Directions for the data below: repeat exactly the lines from the one with "Genevie Weinstein" through the one with "Hugo Boss Ttnm", both included, and omit all pictures.

━━━━━ SOURCE MATERIAL

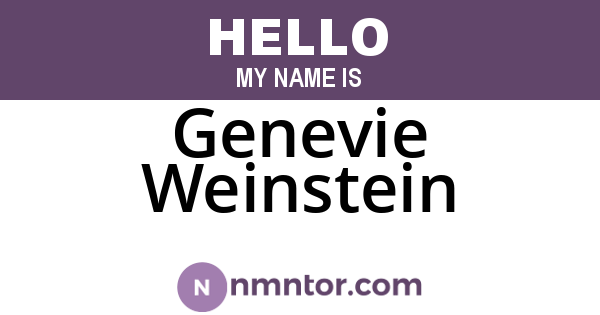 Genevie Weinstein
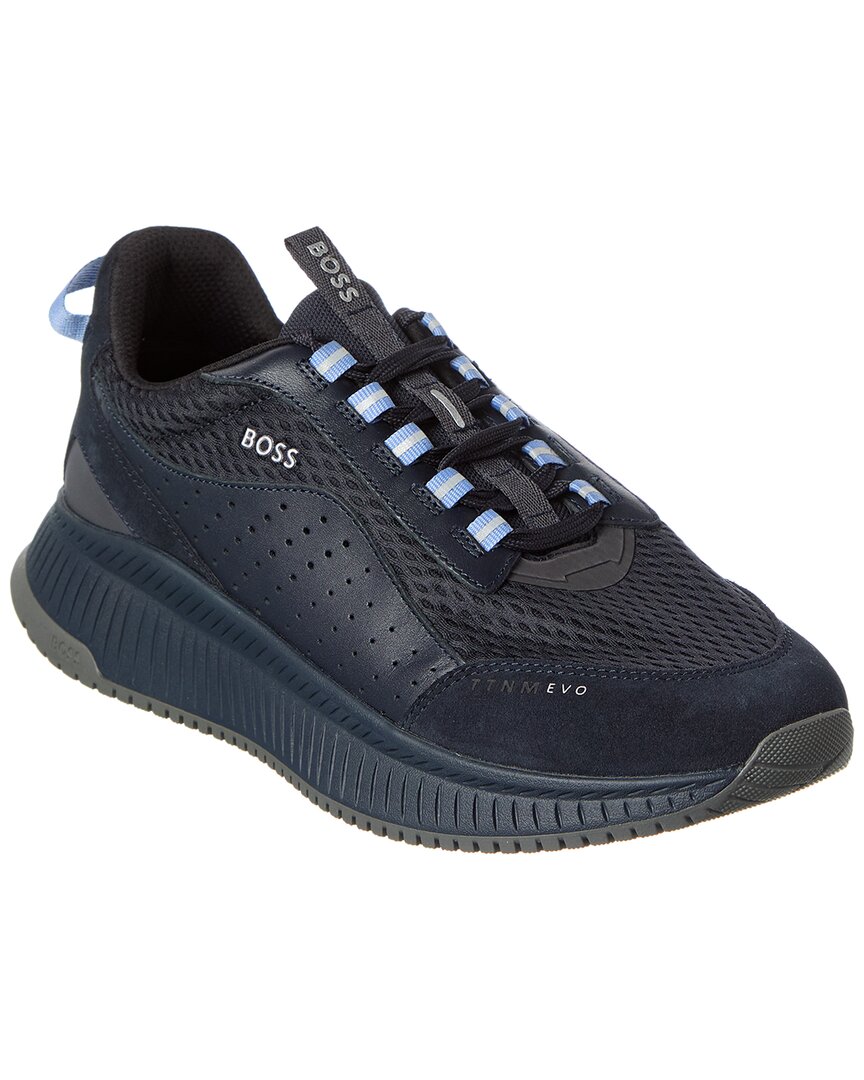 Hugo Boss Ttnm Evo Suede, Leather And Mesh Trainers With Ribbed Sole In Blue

━━━━━━━━━━
━━━━━ SOURCE MATERIAL

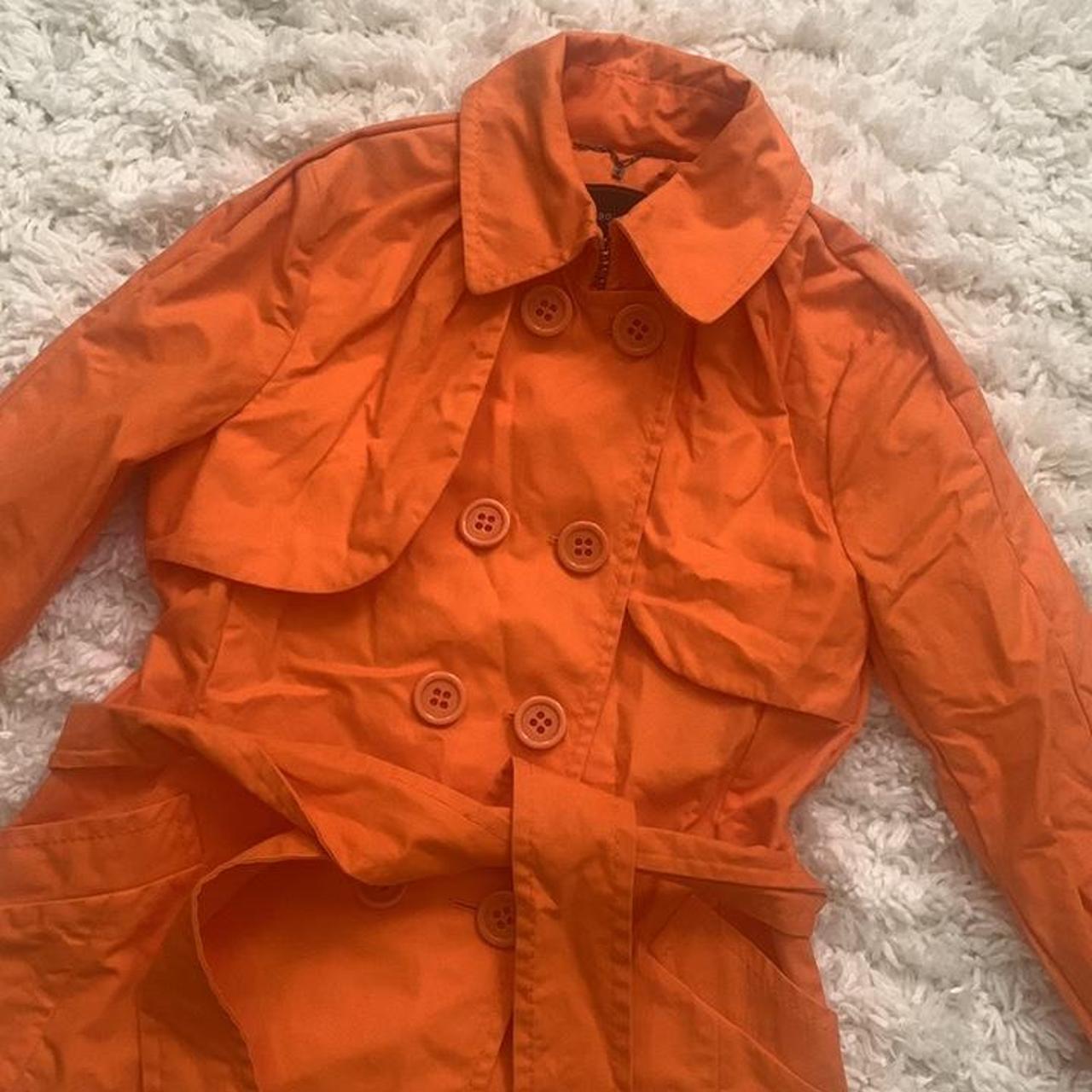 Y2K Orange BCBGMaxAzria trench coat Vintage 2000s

━━━━━━━━━━

RESPONSE TO THE EXERCISE:
 Genevie Weinstein
 Hugo Boss Ttnm Evo Suede, Leather And Mesh Trainers With Ribbed Sole In Blue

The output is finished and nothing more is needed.